**Task brief**
Please print, exactly, only the lines in the entries below from the line that has "2025 Mercedes Benz GLA 220" through the line that has "Whipsiderry Beach, Newquay, Cornwall". Pictures don't go in.

**Excerpted records**
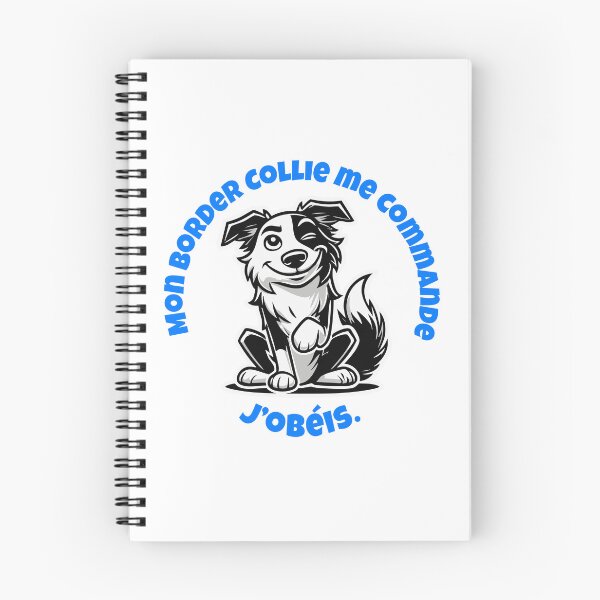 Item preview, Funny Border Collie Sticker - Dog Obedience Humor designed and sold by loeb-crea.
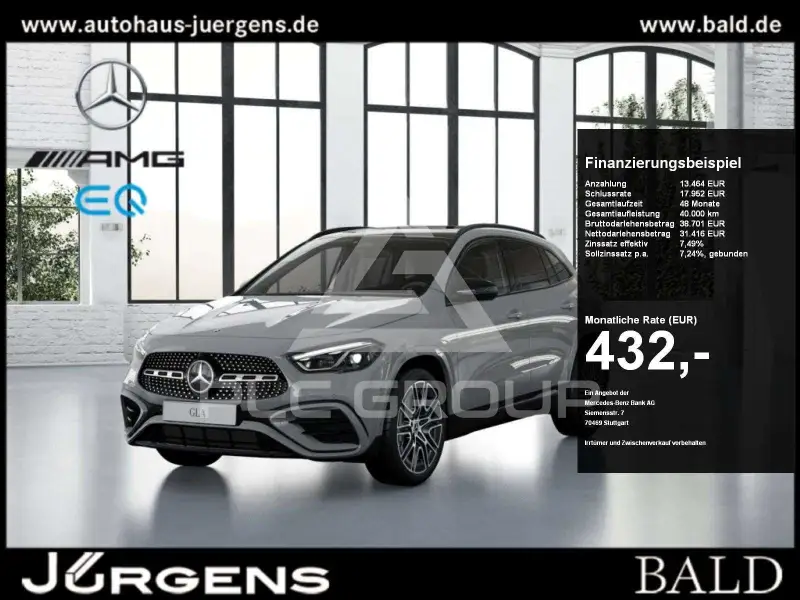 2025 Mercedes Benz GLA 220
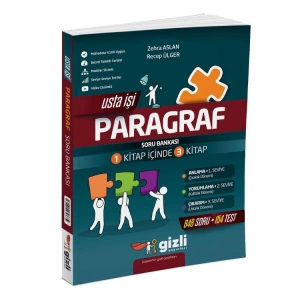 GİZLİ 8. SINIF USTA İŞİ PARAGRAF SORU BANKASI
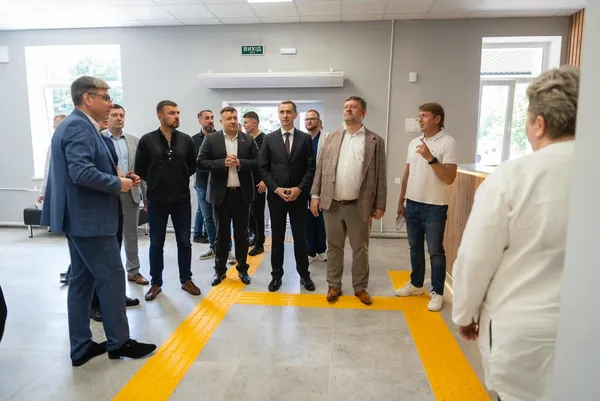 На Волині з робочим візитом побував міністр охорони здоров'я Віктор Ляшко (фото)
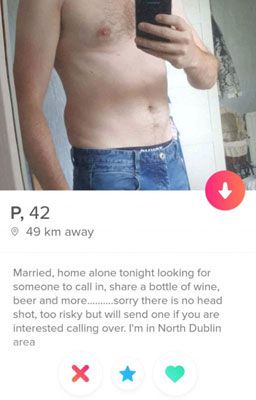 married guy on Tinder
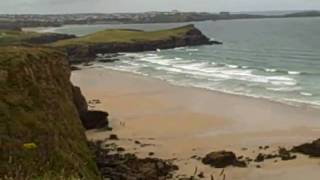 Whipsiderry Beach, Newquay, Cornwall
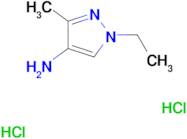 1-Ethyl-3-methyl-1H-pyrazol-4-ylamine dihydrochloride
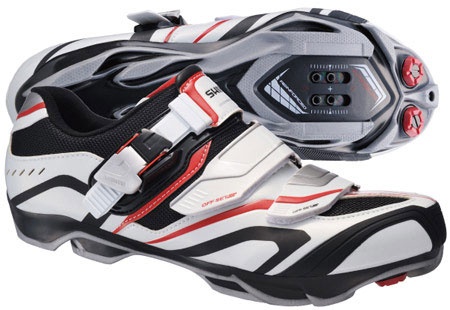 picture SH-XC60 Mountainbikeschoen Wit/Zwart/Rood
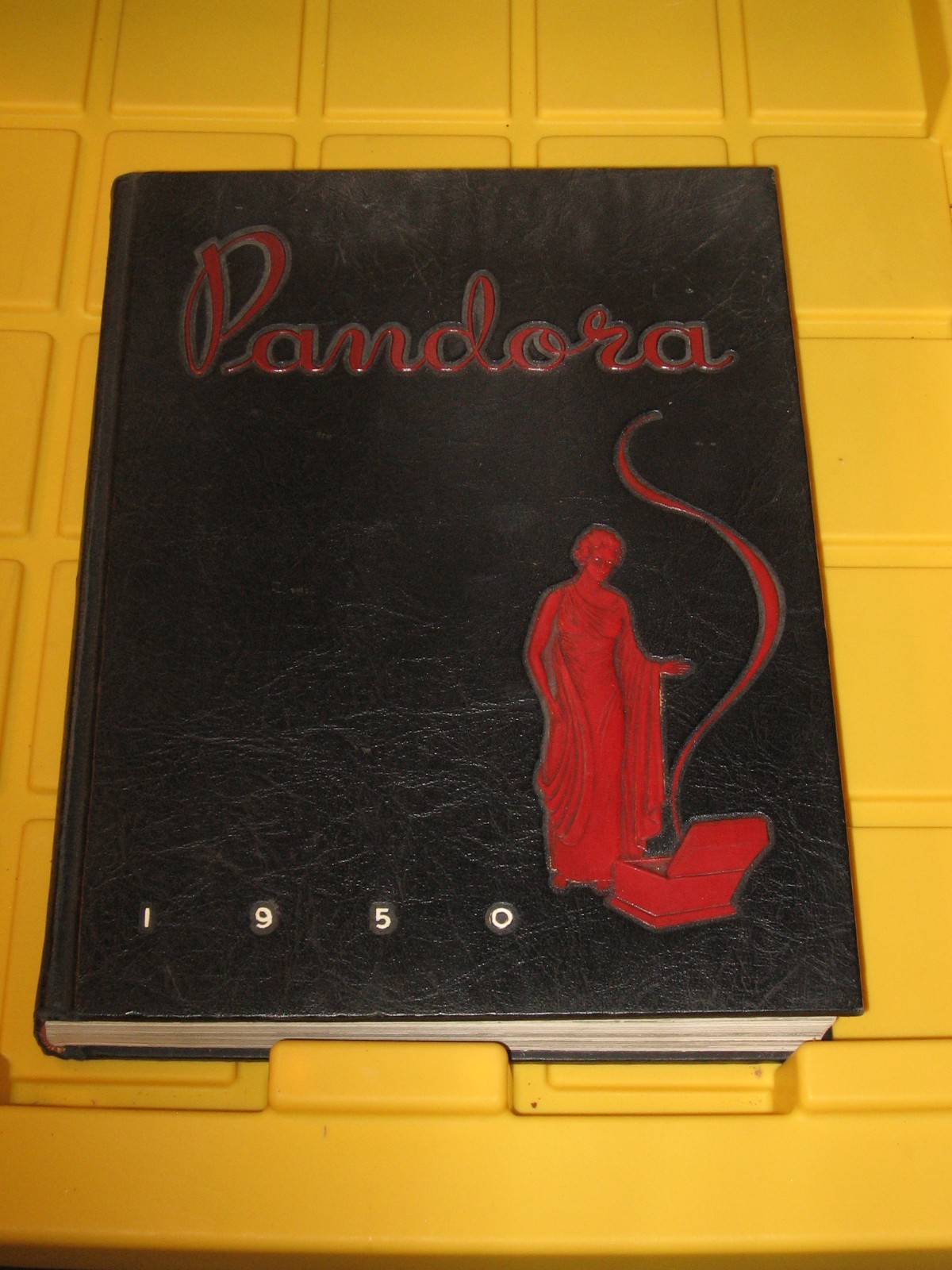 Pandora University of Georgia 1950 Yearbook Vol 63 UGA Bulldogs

--

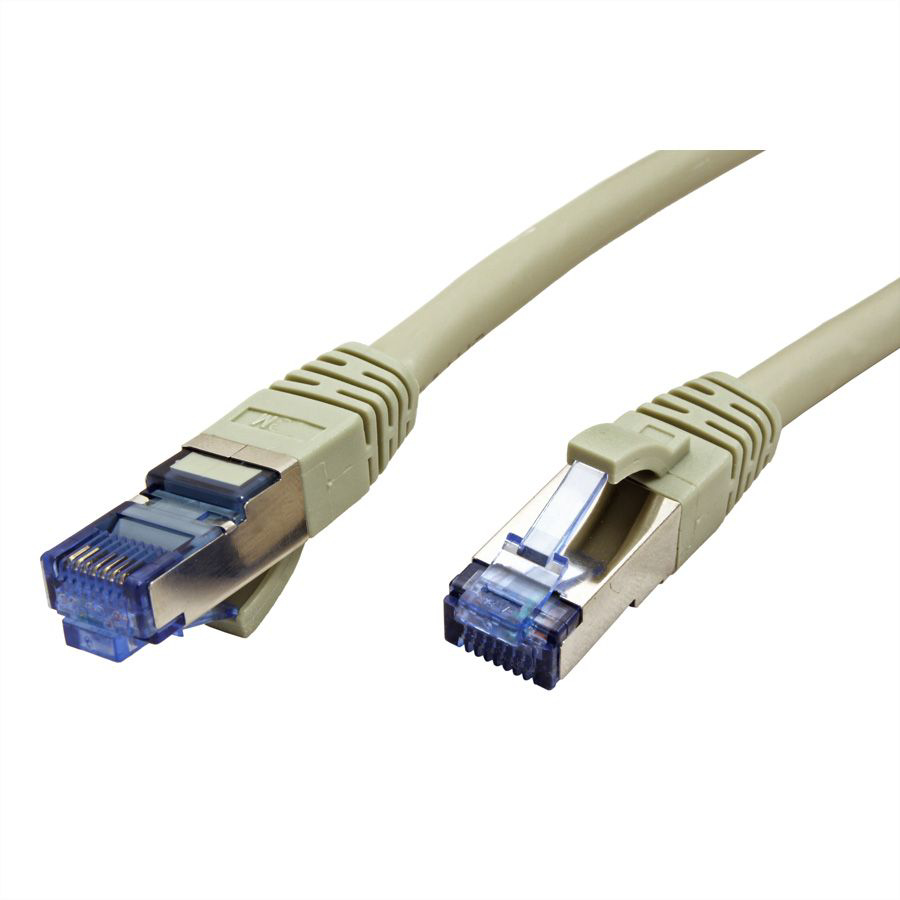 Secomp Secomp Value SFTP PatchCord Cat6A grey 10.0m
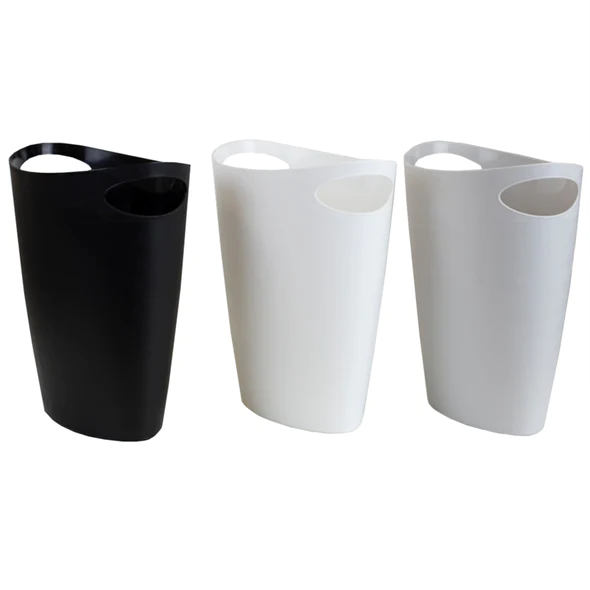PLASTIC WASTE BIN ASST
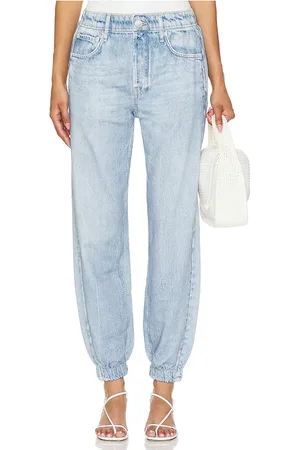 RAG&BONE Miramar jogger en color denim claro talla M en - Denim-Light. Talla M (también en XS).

**Written answer**
 2025 Mercedes Benz GLA 220
 GİZLİ 8. SINIF USTA İŞİ PARAGRAF SORU BANKASI
 На Волині з робочим візитом побував міністр охорони здоров'я Віктор Ляшко (фото)
 married guy on Tinder
 Whipsiderry Beach, Newquay, Cornwall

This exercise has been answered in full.